Instance-wise Depth and Motion Learning from Monocular Videos

Reviewer 1

problem: when both ego-vehicle/agent and objects move in the scene, it is difficult to accurately estimate relative motion of the dynamic objects and there is a flaw in prior approaches in the way they warp the images to generate supervision summary:

authors propose first projecting things to an intermediate reference frame, where the estimated ego-motion has been used to warp the scene, and only the object motions remain to be accounted for. Appropriate modifications are made to kernelise the operations and ensure everything is differentiable.
They jointly optimise the depth net, ego-posenet and obj-posenet self-supervised by image reconstruction loss.
experiments are showed on: -depth net tested on kitti scene flow -ego-posenet tested on KITTI VO -results are shown that suggest that posenet and depth net are complementary and a better obj-posenet leads to a better depth net.

strengths:

more principled/ geometrically correct way to do the projection in this problem setup
its a nice idea to fill in holes by scaling up the image and depth to do projection, so that when scaled back down, we have filled in some holes.

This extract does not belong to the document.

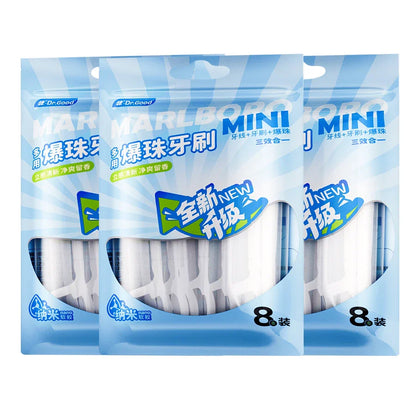 Portable and individually packaged 3-in-1 nano brush head toothbrush floss disposable toothbrush for adults on business trips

weaknesses: not familiar enough with the field to critique

Reviewer 2

The work attempts to solve the problem of self-supervised monocular depth estimation from sequential frames and it’s showing results on the KITTI+Cityscapes benchmarks.

Strengths:

The work uses the best of both worlds - forward projection for detailed moving objects and backward projection for background motion. It’s tricky to merge both into an end-to-end pipeline but the authors seem to have done just that.
By doing this, the work introduces a strong geometric prior

Weaknesses:

No, you’re not beating the SotA. SotA on this task at the moment it BTS, https://arxiv.org/pdf/1907.10326v5.pdf but I appreciate that you’re coming close with self-supervision (i.e. without explicit depth supervision).
Your method is complex and I don’t think a 4p short paper does it justice. I’ve worked with related methods, so it’s kinda clear to me, but I wouldn’t assume a reader who’s not familiar with all the 3D projection and warping operations to get into this from just this work. This is less of a criticism of the paper and more of a suggestion to re-submit this as a full paper. (That is to say, the extended method section and illustrative diagrams in the appendix are great. If you find a venue where you can keep that in the main body of the paper, you’re golden.)
I commend the idea of having videos embedded in a PDF but I’m on Linux/Mac and I’m not going to install a special PDF viewer just to look at embedded videos. In the future, please upload them to an anonymous Youtube profile and put the link in the paper.” “- Maybe rephrase the first sentence a little bit. ““Recent advances in deep neural networks (DNNs)”” has become a bit of a meme.
How’s the depth inconsistency map represented in the main Figure?
Also in the same figure, the ““inverse warping”” is just a disconnected box floating around with no arrows going in or out.
Other than that, the Figure is good